Rare diseases are caused by variants in the genetic code and are often rare in the general population. The identification of these rare genetic changes relies on a large collection of reference genomes to which the patient genome can be compared to. The rarer the disease the larger the data sets need to be in order to find the genetic abnormality. For cases occurring with a frequency of 1 in 1 000 000, a cohort of 100 million genomes is needed to robustly call rare disease cases. Only if large reference data sets are established and shared across clinics can the diagnosis of patients be successful. The impact of a swift and correct diagnosis and disease treatment or management is an immense success for the individual patients - but it also eases the pressure on the health care system. Using sequencing techniques early in the diagnostic process can more than triple the diagnostic rate, at one-third of the cost per diagnosis. GHGA is closely working together with the rare disease community to ensure that e.g. workflows tailored to their community needs are being provided.

 

 

 

AI assisted health care requires data

Artificial intelligence (AI) is already widely used in healthcare, with increasing fields of application: robot assisted surgery, apps to help with the identification of skin cancers, evaluation of MRI and X-ray images, wearables for diabetes patients, fitness trackers, etc. Large datasets are needed to train the AI algorithms behind the applications.
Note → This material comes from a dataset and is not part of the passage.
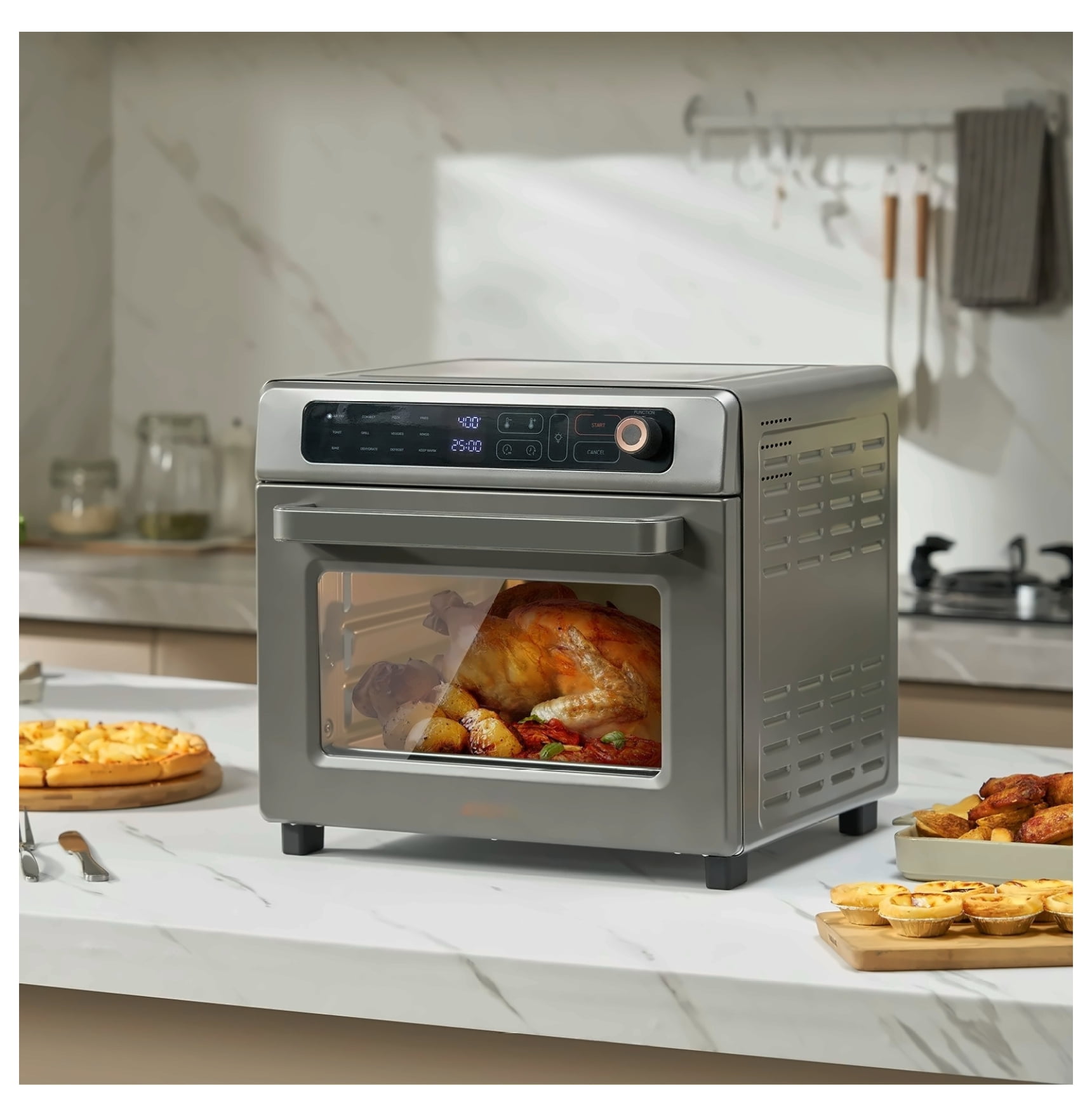 Air Fryer Toaster Oven 25L, 1700W Convection Oven Combo 12-in-1, Stainless Steel Countertop Oven with Pizza Pan, Grill, Dehydrate, Bake for Home & Commercial Use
The further expansion of AI assisted health care has the potential to save billions of US$ per year, worldwide. GHGA will provide secure access to large, homogenised data sets to enable and promote AI-based big data analysis for reserach porpuses.

 

Using population data for research

The German National Cohort (NAKO Gesundheitsstudie) is a long-term population study organised and conducted by a network of German research institutions. The aim is to shed light on the causes of common diseases such as cancer, diabetes, cardiovascular diseases and infectious diseases, and to uncover the role of e.g. environmental factors, nutrition, lifestyle and our genes. The comprehensive health data collection from a total of 200,000 participants, now expanding to omics data, will serve to elucidate the causes and risk factors of these widespread diseases, as well as identify opportunities for early detection and prevention. The omics data will be stored within GHGA - making this large population-based data set also available for secondary research use.